As shown in Figure 8, contact areas during CWR process can be simplified into two portions: A and B. Area A contacted with the top surface of the roller. Area B contacted with the side surface of the wedge shape dies. The metal under surface A was forced to flow in radial direction, but meanwhile, the metal was also prone to deform in a lateral direction. When the stretching angle increased, the area A increased, causing a more serious lateral deformation. Also, as the shear stress at the central area of the cross section increased, the central area was more prone to be damaged to form cavities.
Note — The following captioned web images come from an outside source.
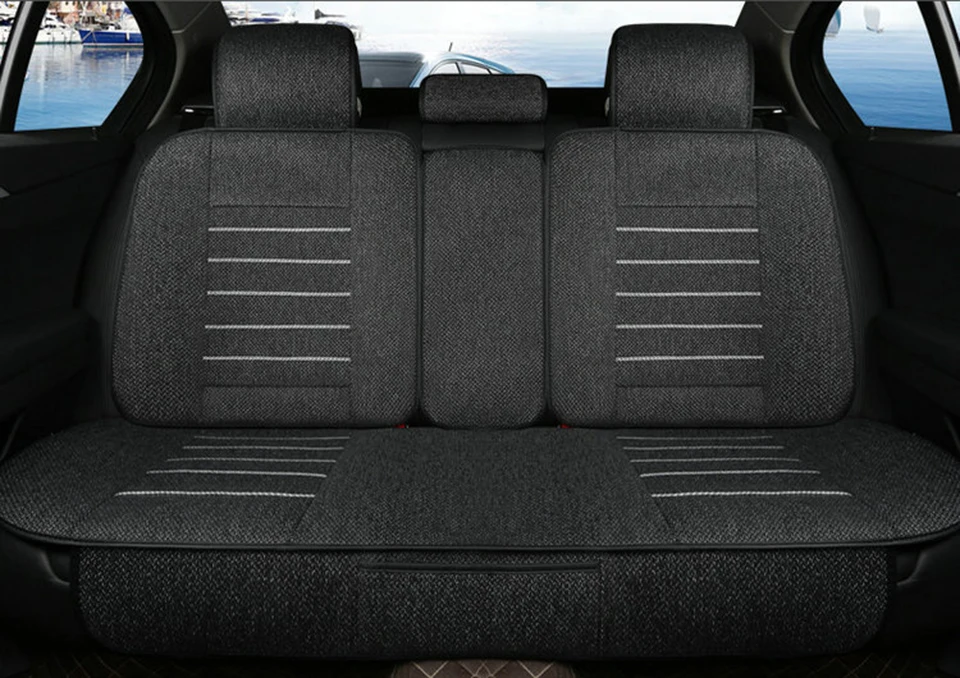 Черный льняной ткани сиденья комплект седанов Чехлы для Универсальный Автомобильный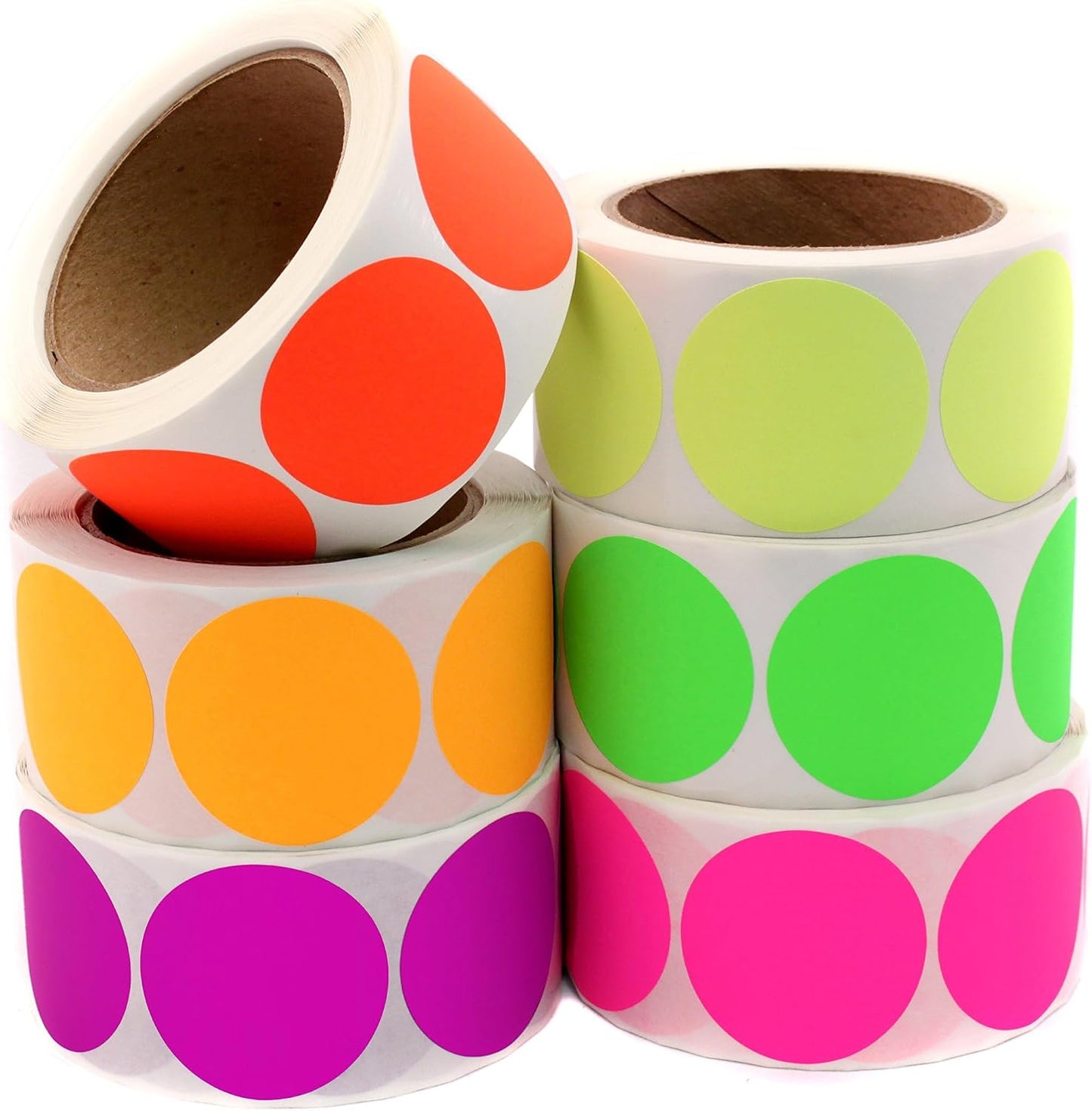 Fluorescent Green Dot Stickers, 2 Inch, 500/Roll | Writable Matte Paper Circle Stickers for Inventory, Classrooms, Offices, Retail, and Color Coding. Made in USA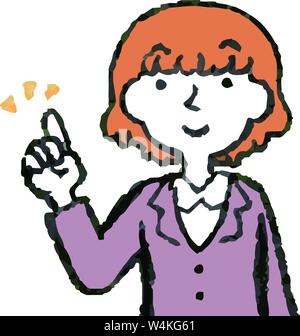 C'est une illustration d'un mignon bob cut business woman face et poser. Illustration de Vecteur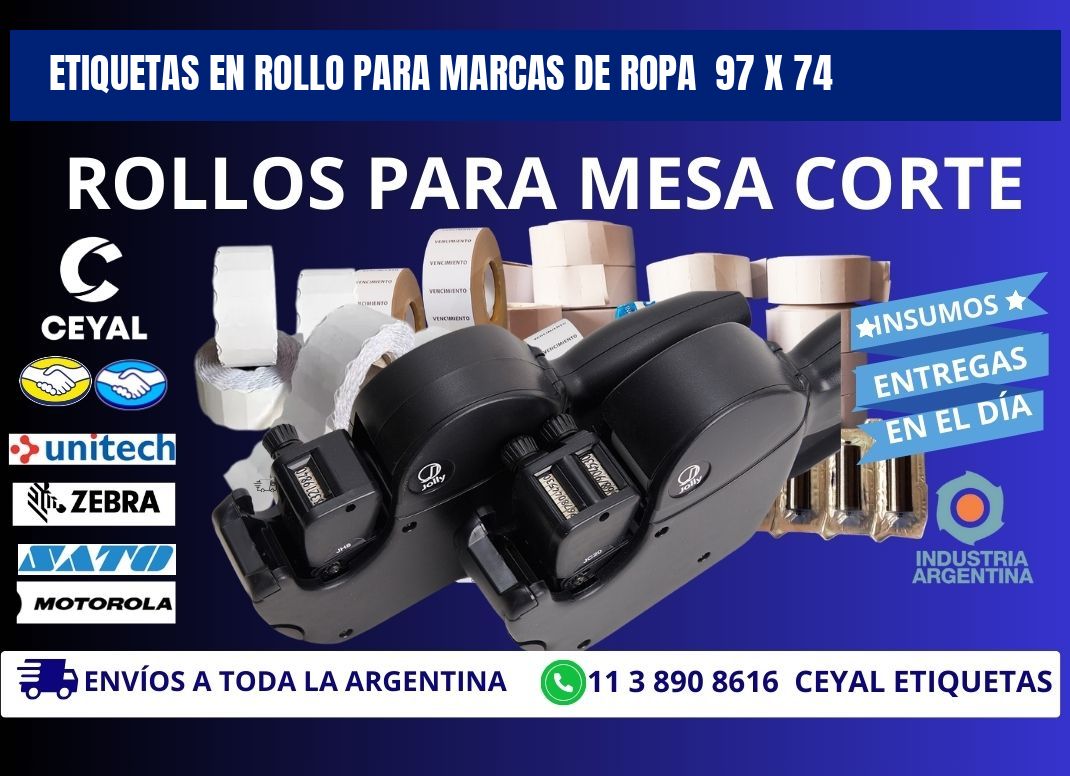 ETIQUETAS EN ROLLO PARA MARCAS DE ROPA  97 x 74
However, along with the increases of stretching angle, the rolling radius of rolled part increases [34], which will lead to a decrease of the rolling cycles of the CWR process. Moreover, as shown in Figure 1, the total length of the wedge type dies will decrease while the stretching angle increases. Taking $\mathsf{\alpha }=25°$ as an example, when $\mathsf{\beta }=3°$, the total length of the wedge type dies were 1303 mm, when $\mathsf{\beta }=7°$, the total length decreased to 648 mm, with the differences being obvious. So, with a larger stretching angle, the whole deformation process was finished in a fewer cycles. This meant the action cycles of shear stress was fewer and the central area was less likely to be damaged. As such, the influence of shear stress and action cycles on the central damage was mutually weakened. Therefore, the influence of the stretching angle on central quality is not obvious.

The influence of the forming angle on central quality is shown in Figure 7. With the increase of the forming angle, the central damage got smaller, and when $\mathsf{\alpha }\ge 30°$, no central damage was found. At $\mathsf{\beta }=7°$, when $\mathsf{\alpha }=20°$, the workpiece has a cavity of about 2.9 mm² in area, when $\mathsf{\alpha }=25°$, the cavity decreases to about 1.4 mm² in area. No cavity was found when $\mathsf{\alpha }=30°$ and $\mathsf{\alpha }=35°$. Along with the increase of forming angle, the area A was kept the same, but the shape of area B became steeper. This caused a larger axial force, which was good for the metal’s axial deformation and the lateral deformation became smaller. Consequently, the shear stress at the cross section got smaller, and central cavities were less likely to be nucleated. Meanwhile, the rolling radius of the rolled part increased with the increase of the forming angle [34], which caused the rolling cycles to decrease. The wedge type dies got shorter with a larger forming angle. When $\mathsf{\alpha }=35°$, the total length was 1215 mm, which is a little smaller than that of $\mathsf{\alpha }=25°$. As such, the cyclic number of shear deformation decreased [23]. Smaller shear stress and the less frequent cycles of shear stress led to a better central quality at a larger forming angle.

5. Conclusions

In this paper, a full permutation of three stretching angles and four forming angles was designed for the CWR forming of 21-4N. The influences of the stretching angle and forming angle on the surface quality and central quality were experimentally investigated. The following conclusions can be drawn:

(1)

A larger stretching angle and smaller forming angle are good for the surface quality. When the stretching angle is 7° and forming angle is 20°, the surface quality reaches the best level.

(2)

The influence of forming angle on central quality is significant. When the stretching angles are 5° and 7°, no damage was found at the central area with the forming angle of 30° and 35°.

(3)

Considering the balance of surface quality and central quality, when forming a 21-4N workpiece with an area reduction of 65%, stretching angle of 7° and forming angle of 30° can be chosen as suitable parameters for cross wedge rolling.